Execute an external action from ordinary code, with parameters fixed by program logic rather than chosen by a language model, so the integration is deterministic, sub-10ms-latency-achievable, and auditable line-for-line.

Motivation

Treating every integration as a "tool call" routes everything through an LLM that must read a schema, decide what to invoke, and emit structured arguments. That is the right move when the next action genuinely depends on interpreting natural language. It is the wrong move when the next action is already determined by code — and a surprising share of agent integrations sit in that second category.

Three classes of action are deterministic by construction. Post-decision execution: the LLM has already decided what to do; the API call that follows is a mechanical consequence of that decision, not a fresh judgment. Pre-decision data fetch: the agent needs the current price, the user's record, the order status — there is no ambiguity about which endpoint answers that, only one value to retrieve. Fixed-shape writes: logging a trade, inserting an audit row, posting a webhook — the schema is known, the parameters come from typed code variables, the call signature does not change. Routing any of these through an LLM adds 300–2000ms of latency, $0.001–$0.05 of cost per call, and a small but non-zero rate of malformed arguments — in return for no decision the LLM was needed to make.

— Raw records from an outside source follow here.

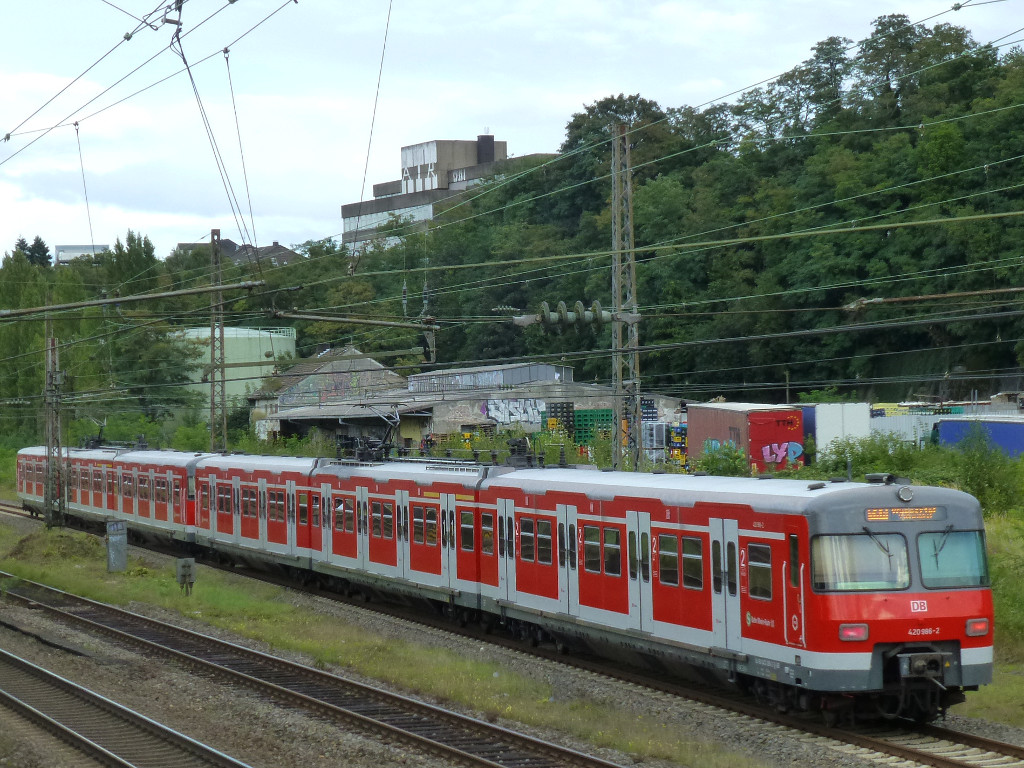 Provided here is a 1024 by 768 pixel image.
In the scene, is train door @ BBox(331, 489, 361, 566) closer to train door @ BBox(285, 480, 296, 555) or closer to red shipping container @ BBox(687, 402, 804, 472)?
train door @ BBox(285, 480, 296, 555)

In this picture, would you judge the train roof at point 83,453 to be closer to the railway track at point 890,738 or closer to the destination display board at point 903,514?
the railway track at point 890,738

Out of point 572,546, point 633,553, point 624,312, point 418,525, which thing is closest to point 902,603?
point 633,553

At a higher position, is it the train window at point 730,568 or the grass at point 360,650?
the train window at point 730,568

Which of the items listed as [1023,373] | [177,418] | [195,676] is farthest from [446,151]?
[195,676]

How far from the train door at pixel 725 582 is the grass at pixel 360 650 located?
4.30ft

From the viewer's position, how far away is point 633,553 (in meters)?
16.6

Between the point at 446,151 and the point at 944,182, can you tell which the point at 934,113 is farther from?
the point at 446,151

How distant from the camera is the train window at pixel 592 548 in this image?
17469 millimetres

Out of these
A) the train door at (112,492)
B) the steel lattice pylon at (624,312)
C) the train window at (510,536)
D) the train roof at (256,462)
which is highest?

I1 is what is left after that overhead is stripped out: a regular HTTP client invocation, a database driver call, an SDK method. The LLM may sit elsewhere in the system — deciding whether to make this call, or what to do with the result — but the call itself is plain code. The pattern's unique contribution is to name this as a first-class architectural choice rather than an absence. Every other Integration pattern (I2, I3, I4) is a layer that adds LLM routing on top of I1; choosing I1 directly is choosing to skip that layer when it earns nothing.

The distinction from I2 Function Call is sharp and worth stating: I2 = LLM chooses; I1 = deterministic. I2 is appropriate when natural-language interpretation determines which function and which parameters. I1 is appropriate when the function and the parameters are already determined by code or by the LLM's prior output. They are not competitors — I2's execution step is I1 internally — but they are different architectural choices that get conflated when every integration is reflexively schema-wrapped.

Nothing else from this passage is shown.